Job creation is another aspect of the debate today. I will be parochial in this regard. One could say, from an industrial and business point of view, that Monaghan has not benefited as well from the economic boom as many of its adjacent counties. Monaghan continues to be totally reliant on its indigenous industries – food, furniture and poultry. It may be a good thing we did not experience the unprecedented growth experienced by other counties because we may not be affected to the same extent by any down-turn.

I have a particular criticism of the IDA – I am sorry the Minister is not present to hear what I have to say – that because of the level of industry which we had generated within Monaghan, we were passed over on many occasions when trying to attract foreign industry into the area. We need to look after our own industries. My colleague, Senator Gibbons, referred to entrepreneurs who have an idea and want to use it but who may not have the necessary business ability. We need to put a greater emphasis on looking after our own industries. It is all very well to try to attract industry into the country, which is essential, but where there are indigenous industries we must continue to support them.

In Monaghan we have our own industries and through the years many of our young people have obtained employment at a time when other areas were not in that happy position. However, we now have the highest numbers of early school leavers and the lowest uptake of third level education. If anything were to happen to any of our agri-businesses, which is possible as they are continually under pressure due to competition, regulations and restrictions from forces outside our own country, we could be faced with job losses in our food, furniture or textile industries and have nothing for our unskilled or semi-skilled labour force.

While it may not be relevant to the Minister for Enterprise, Trade and Employment, we must focus on areas such as County Monaghan and target those people who have left school early or have no third level education. There is a proposal at the Department of Education and Science to establish third level institutes in other parts of the country but we must target blackspot areas such as this. I urge the Minister of State to pass that on to the Minister for Education and Science. In the future, while we should not be totally reliant on our own industries, they should be encouraged.

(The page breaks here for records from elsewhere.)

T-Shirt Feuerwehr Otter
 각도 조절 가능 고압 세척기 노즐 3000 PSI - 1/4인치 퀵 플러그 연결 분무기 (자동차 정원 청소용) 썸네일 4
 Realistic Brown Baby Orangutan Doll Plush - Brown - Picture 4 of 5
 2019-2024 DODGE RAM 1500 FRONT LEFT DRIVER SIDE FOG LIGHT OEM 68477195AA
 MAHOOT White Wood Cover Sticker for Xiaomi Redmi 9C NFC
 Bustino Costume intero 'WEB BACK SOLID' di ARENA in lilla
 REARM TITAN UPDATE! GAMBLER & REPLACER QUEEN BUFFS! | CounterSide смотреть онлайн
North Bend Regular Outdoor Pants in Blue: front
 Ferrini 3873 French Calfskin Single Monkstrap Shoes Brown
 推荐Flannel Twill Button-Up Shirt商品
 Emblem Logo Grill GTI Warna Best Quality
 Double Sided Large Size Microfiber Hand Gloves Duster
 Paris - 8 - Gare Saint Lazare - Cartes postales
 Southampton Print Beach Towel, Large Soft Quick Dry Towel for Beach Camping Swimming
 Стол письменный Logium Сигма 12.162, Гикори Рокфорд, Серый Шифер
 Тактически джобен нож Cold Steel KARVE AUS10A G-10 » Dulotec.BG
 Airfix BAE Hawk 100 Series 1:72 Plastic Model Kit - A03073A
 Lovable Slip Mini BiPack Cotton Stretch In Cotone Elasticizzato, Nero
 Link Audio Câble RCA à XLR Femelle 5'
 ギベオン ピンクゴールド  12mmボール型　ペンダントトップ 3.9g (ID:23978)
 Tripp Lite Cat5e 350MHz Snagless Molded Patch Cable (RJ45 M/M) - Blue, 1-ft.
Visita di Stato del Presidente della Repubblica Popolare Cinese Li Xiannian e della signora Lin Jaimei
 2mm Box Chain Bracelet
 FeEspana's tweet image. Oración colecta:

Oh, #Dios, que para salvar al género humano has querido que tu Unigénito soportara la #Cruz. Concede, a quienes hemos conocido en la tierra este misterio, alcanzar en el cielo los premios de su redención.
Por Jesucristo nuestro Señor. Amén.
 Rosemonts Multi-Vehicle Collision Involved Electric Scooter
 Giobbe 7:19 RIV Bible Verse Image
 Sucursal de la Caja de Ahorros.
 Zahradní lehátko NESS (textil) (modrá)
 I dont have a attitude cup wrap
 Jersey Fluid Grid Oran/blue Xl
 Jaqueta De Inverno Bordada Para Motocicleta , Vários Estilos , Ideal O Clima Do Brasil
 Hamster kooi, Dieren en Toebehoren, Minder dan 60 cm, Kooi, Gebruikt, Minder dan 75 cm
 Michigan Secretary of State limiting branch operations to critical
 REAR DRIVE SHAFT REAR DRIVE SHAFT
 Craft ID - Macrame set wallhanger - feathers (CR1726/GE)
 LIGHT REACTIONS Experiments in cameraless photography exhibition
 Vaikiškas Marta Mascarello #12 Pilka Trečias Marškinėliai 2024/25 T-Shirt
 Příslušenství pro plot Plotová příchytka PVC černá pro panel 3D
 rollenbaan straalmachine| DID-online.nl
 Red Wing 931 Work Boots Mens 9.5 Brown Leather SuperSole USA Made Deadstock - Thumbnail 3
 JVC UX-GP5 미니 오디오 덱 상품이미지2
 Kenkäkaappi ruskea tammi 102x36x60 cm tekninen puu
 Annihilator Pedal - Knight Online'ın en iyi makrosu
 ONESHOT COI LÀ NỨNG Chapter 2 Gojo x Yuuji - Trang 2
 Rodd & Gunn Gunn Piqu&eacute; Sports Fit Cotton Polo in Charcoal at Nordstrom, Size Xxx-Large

I have one query regarding workers from non-EU countries who are here on a work permit. If a worker loses his job in the IT industry, for example, does he have a grace period before he must find further employment in that field or does he have to leave the country? How long does he have before this happens?

I welcome the opportunity to speak about job creation and the role of FÁS and I hope that the Minister of State has accepted that we should not be totally reliant on inward investment. We should look after our own and let the others look after themselves.

The Seanad adjourned at 1.15 p.m. until 2.30 p.m. on Wednesday, 21 November 2001.